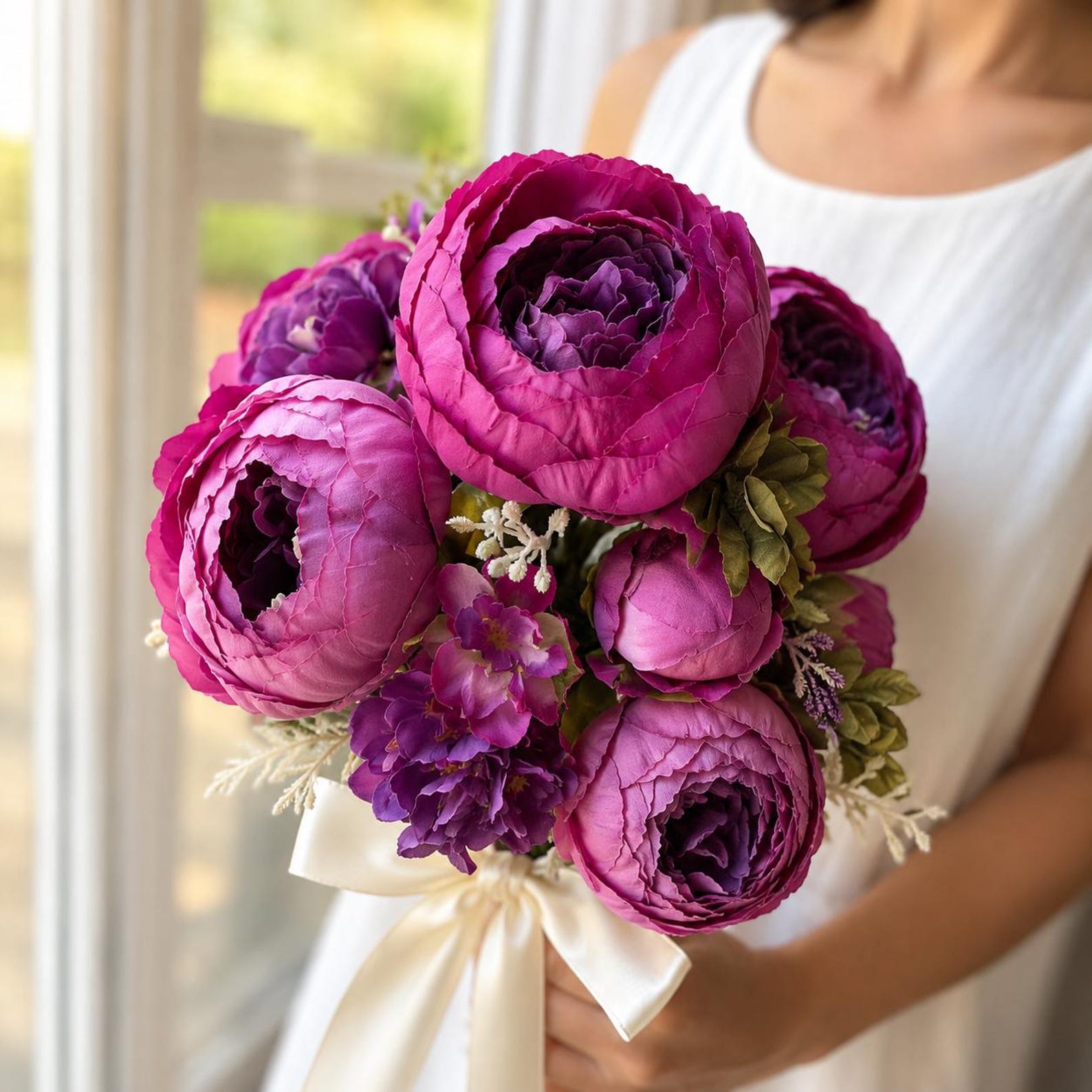 Artificial Peony Bouquet / Silk Peonies Bunch / Pink Wedding Flowers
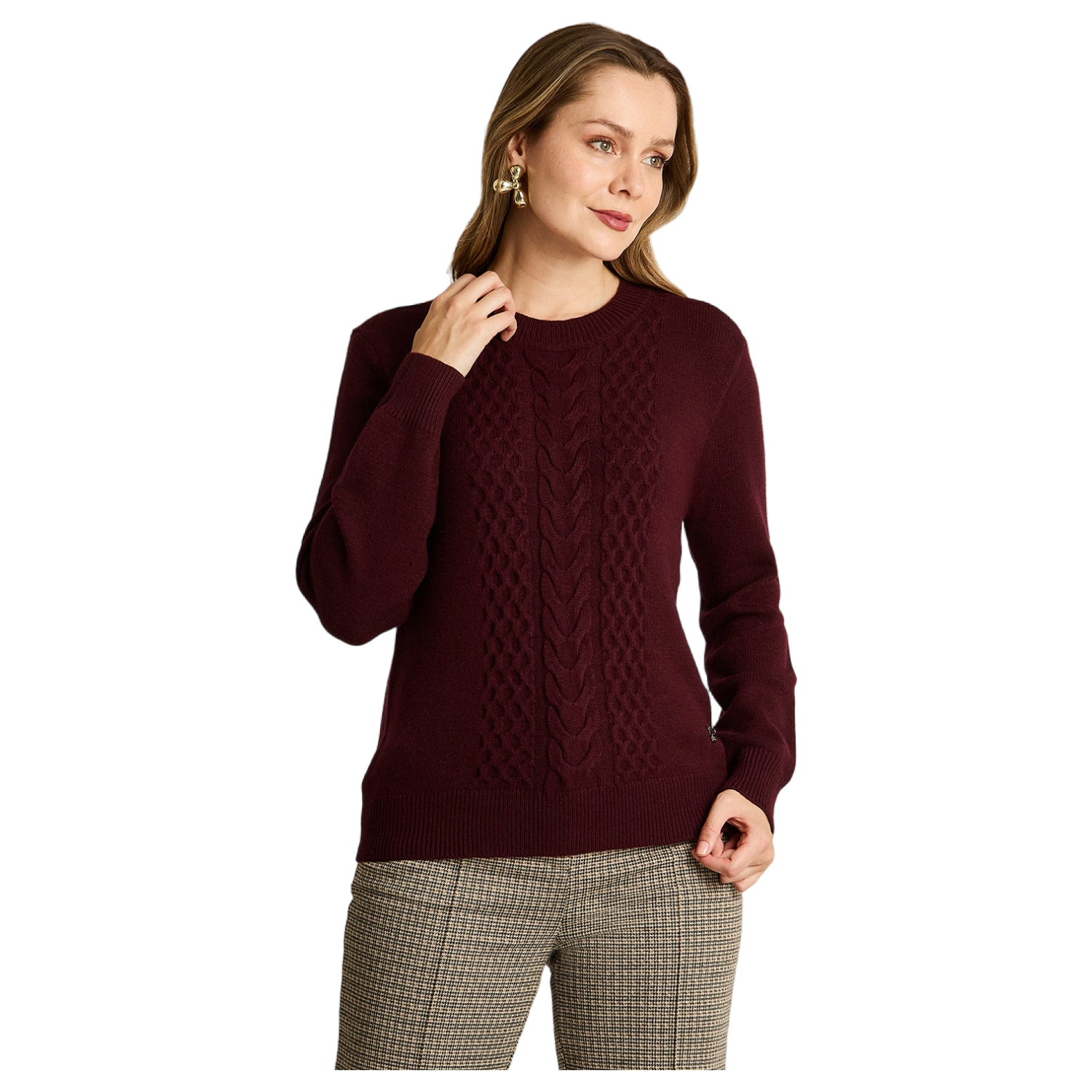Sweater Burdeo con Trenzado en Relieve en Tejido-0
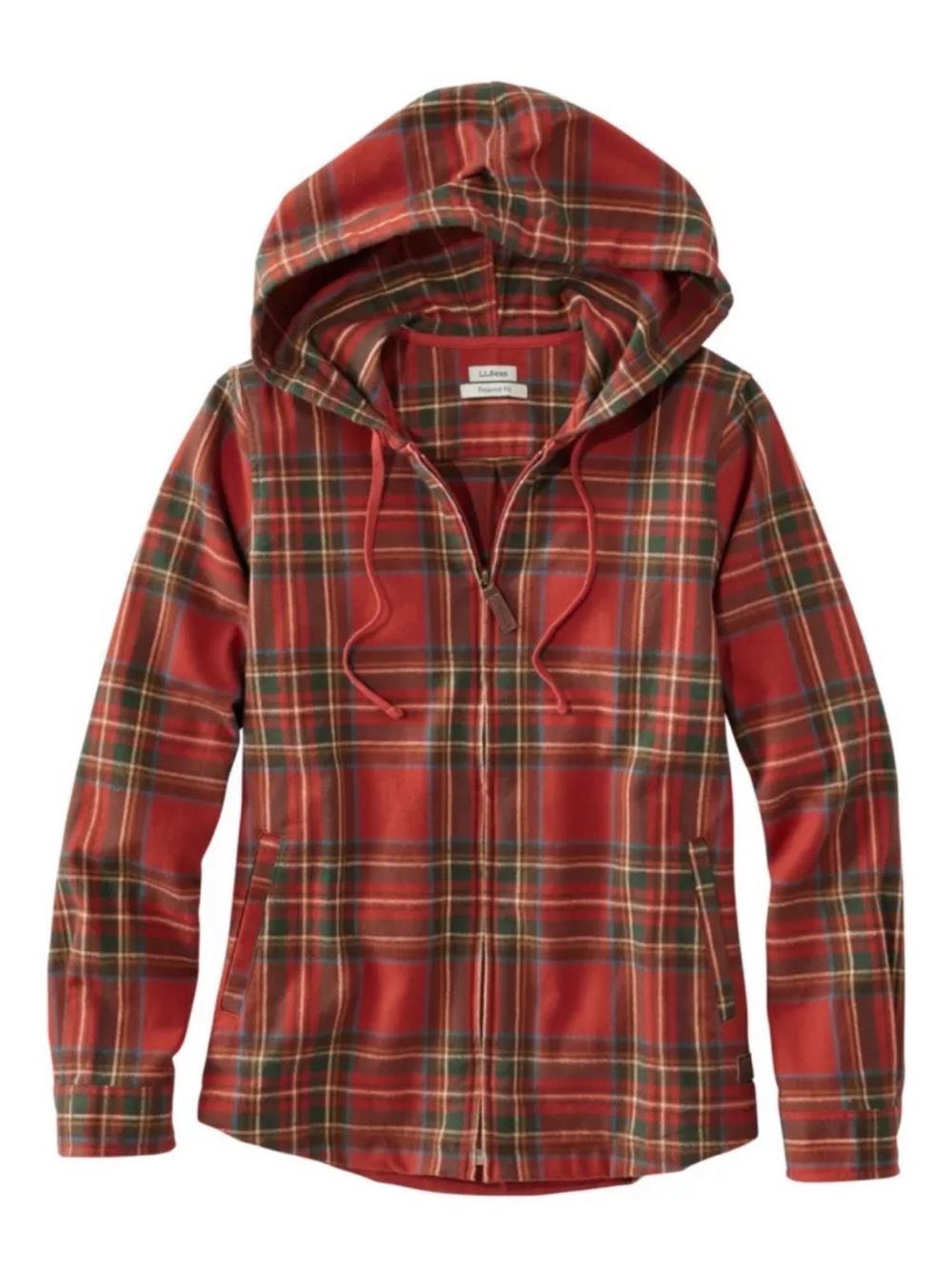 LL Bean Women's Scotch Plaid Flannel Shirt, Relaxed Zip Hoodie Medium Petite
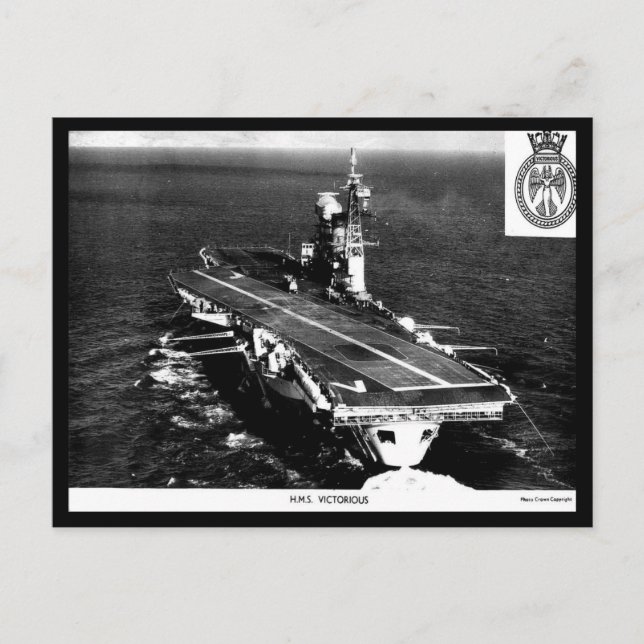 Tarjeta postal antigua - HMS Victorious (Anverso)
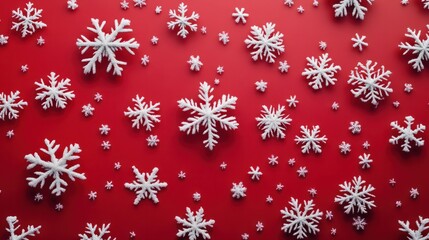 Poster - snowflakes on a red background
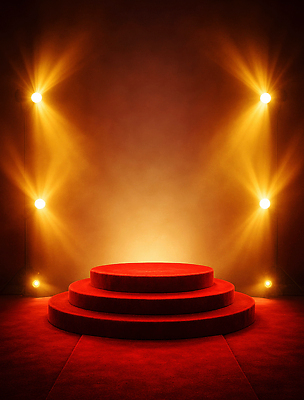 JPG 편집이미지 디자인 문화 음악 조명 이벤트 빨간색 사진촬영 공연 공간 무대 발표 분위기 그림 연극 포디움 이미지편집 AI컴퓨터그래픽 AI콘텐츠 컬러 컨셉 문화예술 촬영 파일형식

*****

Do not include images; quote all of the entries above exactly.

Exercise solution:
 Artificial Peony Bouquet / Silk Peonies Bunch / Pink Wedding Flowers
Sweater Burdeo con Trenzado en Relieve en Tejido-0
 LL Bean Women's Scotch Plaid Flannel Shirt, Relaxed Zip Hoodie Medium Petite
 Tarjeta postal antigua - HMS Victorious (Anverso)
 Poster - snowflakes on a red background
 JPG 편집이미지 디자인 문화 음악 조명 이벤트 빨간색 사진촬영 공연 공간 무대 발표 분위기 그림 연극 포디움 이미지편집 AI컴퓨터그래픽 AI콘텐츠 컬러 컨셉 문화예술 촬영 파일형식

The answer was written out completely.